The scientists made the observations this fall during an oceanographic cruise aboard a Russian icebreaker as part of the Nansen and Amundsen Basins Observational Systems (NABOS) program. During the last decade the program, along with other research, has shown a steady increase in the movement of warm water into the Arctic Ocean. The readings from this year show unprecedented warmth in some areas, the researchers said.
"The large area of the Arctic Ocean promises to become much warmer," said Igor Polyakov, NABOS principal investigator and a research professor at IARC.
Melting sea ice
The readings come from observational moorings, which are instrument-bearing buoys that are anchored to the ocean floor and float below the surface of the ocean.
The instruments first detected a surge of abnormal warm water, at mid-ocean depths of about 150 to 800 metres below the surface in February 2004 on the continental slope of the Laptev Sea, north of Siberia.
Sea ice is disappearing in the Arctic Ocean at unprecedented rates.
(Photo courtesy Arctic Coring Expedition)
That finding indicates that the warm water is moving further and further into the Arctic, Polyakov said, a trend that could increase the overall temperature of the Arctic Ocean.
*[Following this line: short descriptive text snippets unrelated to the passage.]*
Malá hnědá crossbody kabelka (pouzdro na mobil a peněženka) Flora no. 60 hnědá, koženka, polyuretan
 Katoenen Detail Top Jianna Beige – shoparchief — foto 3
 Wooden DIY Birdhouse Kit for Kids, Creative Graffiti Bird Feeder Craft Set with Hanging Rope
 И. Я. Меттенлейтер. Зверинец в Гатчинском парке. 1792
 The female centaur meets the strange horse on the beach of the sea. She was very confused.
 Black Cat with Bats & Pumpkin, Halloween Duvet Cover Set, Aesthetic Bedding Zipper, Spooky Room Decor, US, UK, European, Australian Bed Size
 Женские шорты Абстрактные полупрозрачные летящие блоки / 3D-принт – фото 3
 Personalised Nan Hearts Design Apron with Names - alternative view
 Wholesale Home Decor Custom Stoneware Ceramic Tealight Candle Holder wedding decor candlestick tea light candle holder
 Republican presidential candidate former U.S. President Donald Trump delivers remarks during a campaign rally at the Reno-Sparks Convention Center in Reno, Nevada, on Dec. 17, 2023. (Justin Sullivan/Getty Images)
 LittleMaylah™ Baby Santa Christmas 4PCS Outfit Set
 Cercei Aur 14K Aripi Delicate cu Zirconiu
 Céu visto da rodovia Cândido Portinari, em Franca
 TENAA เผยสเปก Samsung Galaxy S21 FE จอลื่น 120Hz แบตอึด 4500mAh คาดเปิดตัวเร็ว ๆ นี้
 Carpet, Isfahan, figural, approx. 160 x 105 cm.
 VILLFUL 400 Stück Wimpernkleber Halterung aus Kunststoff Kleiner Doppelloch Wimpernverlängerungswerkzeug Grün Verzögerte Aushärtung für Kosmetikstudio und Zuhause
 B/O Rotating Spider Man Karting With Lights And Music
The researchers note that the causes of the influx of warm water will require further study, but say the observations suggest that the Arctic Ocean is moving toward a warmer state, a change that could have global implications.
Ocean temperature in the Arctic is important because it may affect the amount of sea ice in the region. Scientists believe that Arctic sea ice cover plays a major role in the global climate, as ice reflects more of the sun's heat than open water.
Recent research has shown dramatic increases in Arctic sea ice melt, but has also shown that the average temperature of the upper oceans has cooled significantly since 2003. But the findings are not as contradictory as they might seem.
The study of ocean temperatures, released last week, "suggests global warming isn't always steady but happens with occasional 'speed bumps'," said coauthor Josh Willis, a scientist at NASA's Jet Propulsion Laboratory.
"This cooling is probably natural climate variability," Willis said. "The oceans today are still warmer than they were during the 1980s, and most scientists expect the oceans will eventually continue to warm in response to human-induced climate change."
The study found that the average temperature in the upper 2,500 feet of Earth's oceans - an area that represents about 20 percent of the global ocean's average depth - fell 0.055 degrees Fahrenheit from 2003 to 2005.
The recent decrease is a dip equal to about one-fifth of the heat gained by the ocean between 1955 and 2003, but the decline is a fraction of the total ocean warming seen over the previous 48 years, according to the study.
The findings have significant implications for global sea-level rise, Willis added.
Average sea level goes up partly due to warming and thermal expansion of the oceans and partly due to runoff from melting glaciers and ice sheets, he explained, and the recent cooling episode suggests that sea level should have actually decreased in the past two years.
"Despite this, sea level has continued to rise," Willis said. "This may mean that sea level rise has recently shifted from being mostly caused by warming to being dominated by melting. This idea is consistent with recent estimates of ice-mass loss in Antarctica and accelerating ice-mass loss on Greenland."